> [Data shown]
● ● ●

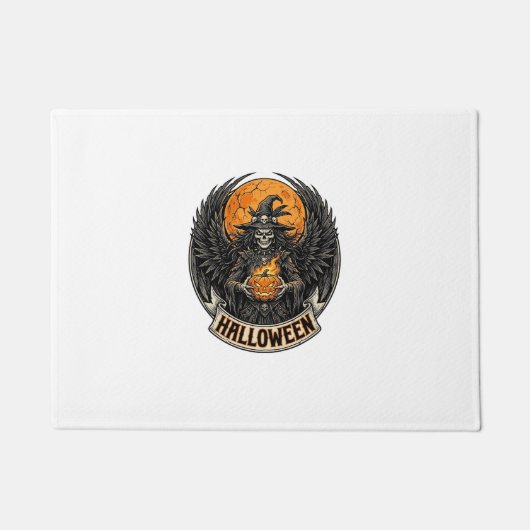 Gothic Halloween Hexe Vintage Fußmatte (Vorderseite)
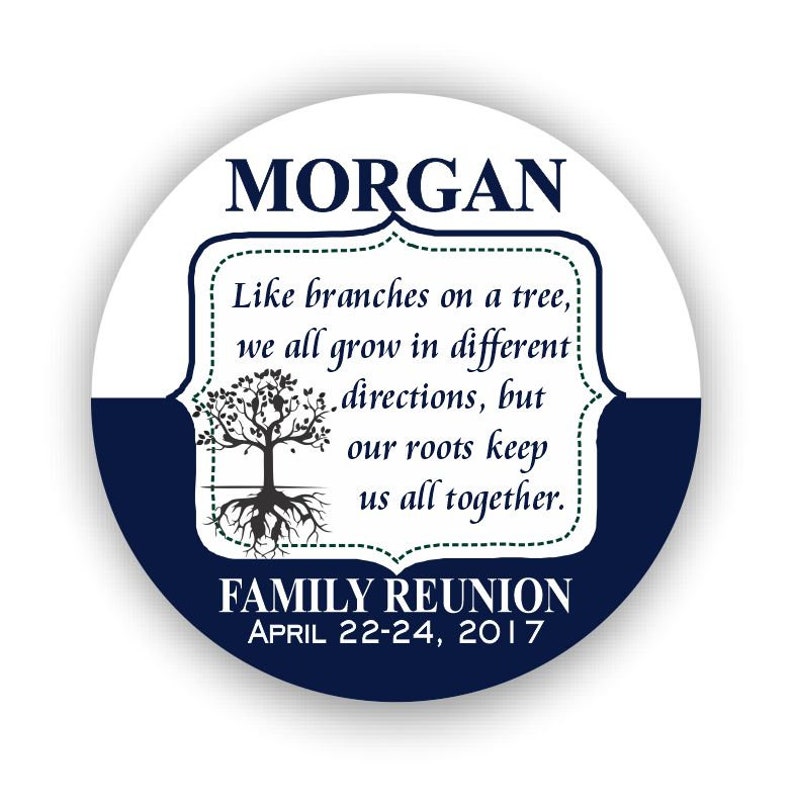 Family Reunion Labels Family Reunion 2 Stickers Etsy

● ● ●

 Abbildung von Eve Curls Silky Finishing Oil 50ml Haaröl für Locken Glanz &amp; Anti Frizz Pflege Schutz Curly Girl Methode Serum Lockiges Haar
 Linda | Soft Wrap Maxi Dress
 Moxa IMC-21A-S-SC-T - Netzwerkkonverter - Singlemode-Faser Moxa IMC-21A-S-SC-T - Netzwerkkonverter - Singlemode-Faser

● ● ●

> [How to complete this task]
An exact copy is needed of the entries above, starting at the line that holds "Gothic Halloween Hexe" and stopping at the line that holds "Family Reunion Labels", both kept; pictures stay out.

> [Response box]
 Gothic Halloween Hexe Vintage Fußmatte (Vorderseite)
 Family Reunion Labels Family Reunion 2 Stickers Etsy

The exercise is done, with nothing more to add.